À propos
As a Network Engineer on the Cluster Architecture Team, you will work closely with the vendors, internal networking teams and industry peers to develop best-in-class interconnect architecture of the current and future generations of the Cerebras AI clusters. You will be responsible for developing proof-of-concept of new network designs and features enabling resilient and reliable network for AI workloads. The role will require cross-functional collaboration and interaction with diverse hardware components (e.g., network devices and the Wafer-Scale Engine) as well as software at several layers of the stack, from host-side networking to cluster-level coordination.
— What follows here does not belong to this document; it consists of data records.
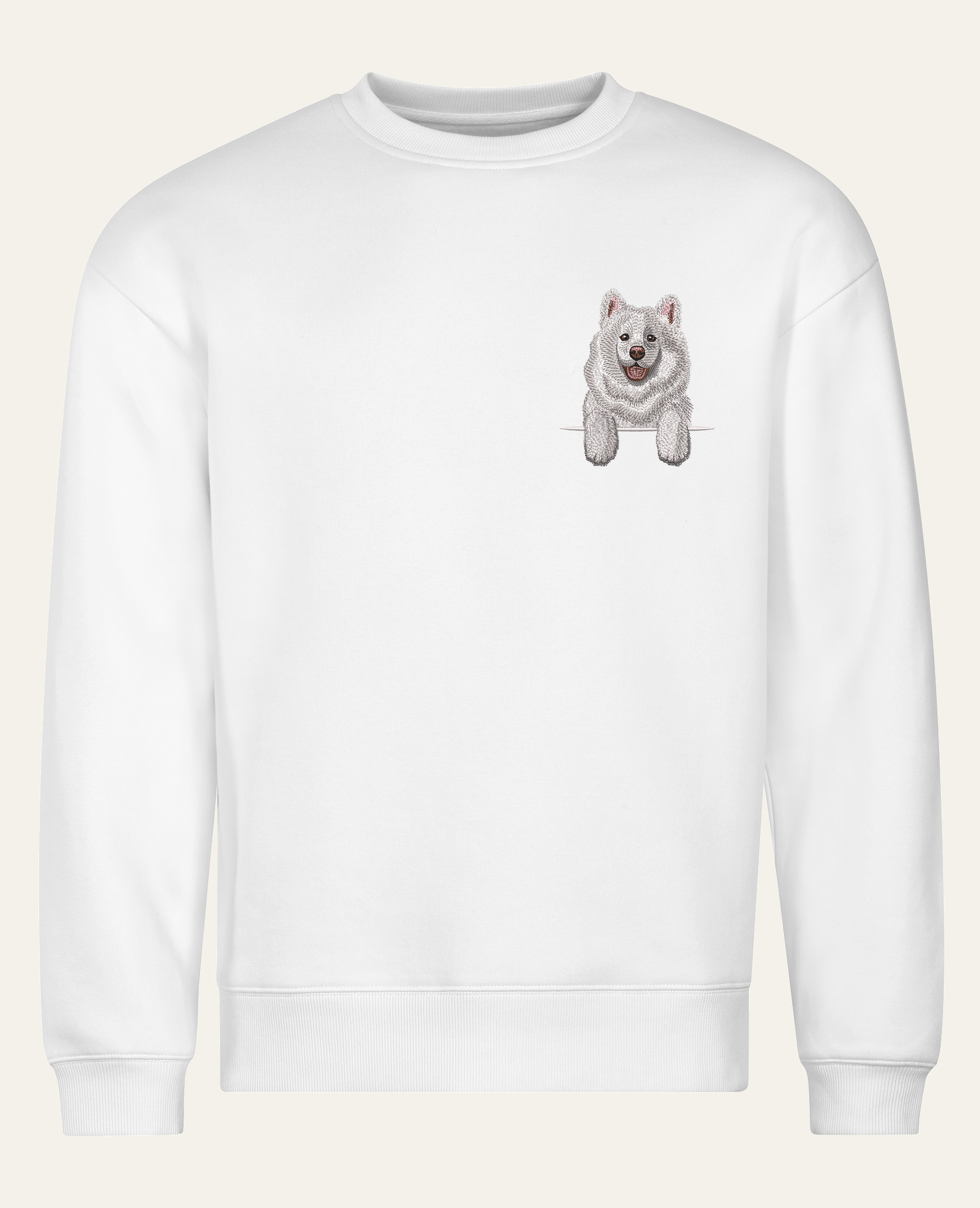 Samoyed – bluza z haftem, biały, cała sylwetka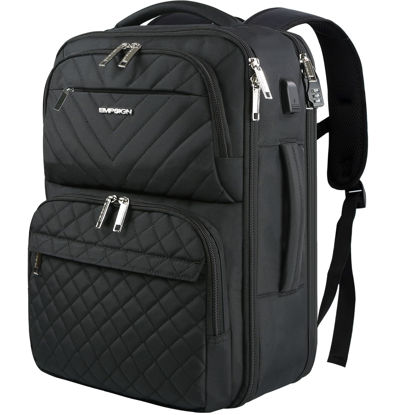 Picture of EMPSIGN Travel Backpack for Women, Large Carry On Backpack Airline Approved Personal Item Travel Bag, 17 inch TSA Friendly Laptop Backpack with USB Port, Casual Daypack Business Backpack, Black
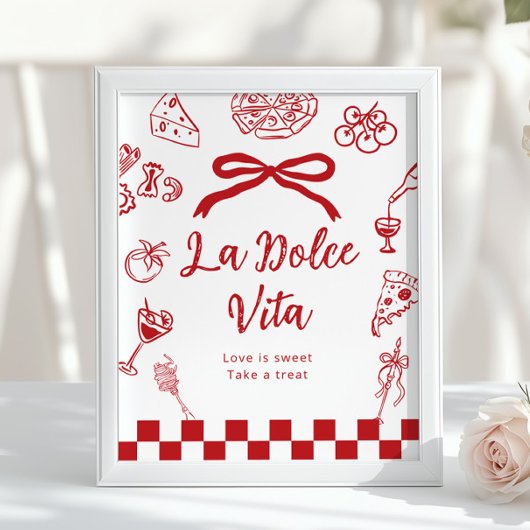 La Dolce Vita Love is sweet Italian Bridal Shower Poster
The role also requires understanding of network monitoring systems and network debugging methodologies.
Responsibilities- Design AI/ML and HPC Clusters with a focus on the network technology.
- Identify and address performance or efficiency bottlenecks, ensuring high resource utilization, low latency, and high throughput communication.
- Stay current on emerging networking technologies: evaluate new hardware, fabrics, and protocols to improve cluster performance, scalability, and cost efficiency.
- Drive technical projects involving multiple teams, various software and hardware components coming together to realize advanced networking technologies.
- Bring effective communication skills.
- Collaborate with vendors and industry peers to drive network hardware and feature roadmap.
- Pre-deployment readiness & port mapping: build/validate rack/row and patch-panel port maps, cabling plans, if required in rare cases.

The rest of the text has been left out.